In some sign languages, pointing is used as a pronoun. It makes different distinctions to the ones made by English pronouns.
In English, he, she, this, that and it are different. He and him are different. These distinctions are not made in the sign languages of English speaking countries.
Instead, you can point directly at a person or thing instead of using its name. That provides as many distinct pronouns as there are things or people that are mutually visible to the speaker and audience.
If Alice points at Bob, then Bob would translate that into English as "you" and Charlie would translate it as "him" but unlike an English "you" or "him", everyone who saw it would unambiguously know that it is about Bob and Bob only.
In ASL, BSL and Auslan, pointing with the index finger is I/you/he/she/that and so on, and there's a way to point with the palm for the possessive pronoun.
In a sign language you may also be able to point at a location in empty space as a pronoun that means "the person or thing I talked about after I pointed here" or "the person or thing I talked about while my hands were over here". This provides a few pronouns that can distinguish in context a small number of different subjects that aren't mutually visible.

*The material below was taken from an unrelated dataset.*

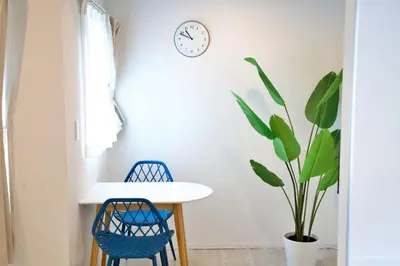 a table and two chairs and a clock on a wall at Heureux\u690e\u540d\u753a 303 in Tokyo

For "John hates James, he's rude" in Auslan Alice could sign "right James, left John hates, he's rude" and she could indicate whether James or John is the rude one by signing the "he" to the left or right. ASL might have different word order to this example (I don't know) but a similar principle would apply.
This link gives specific information about pronouns in ASL, with videos.
BSL and Auslan are very very different languages to ASL but some of the pronouns are the same in all three.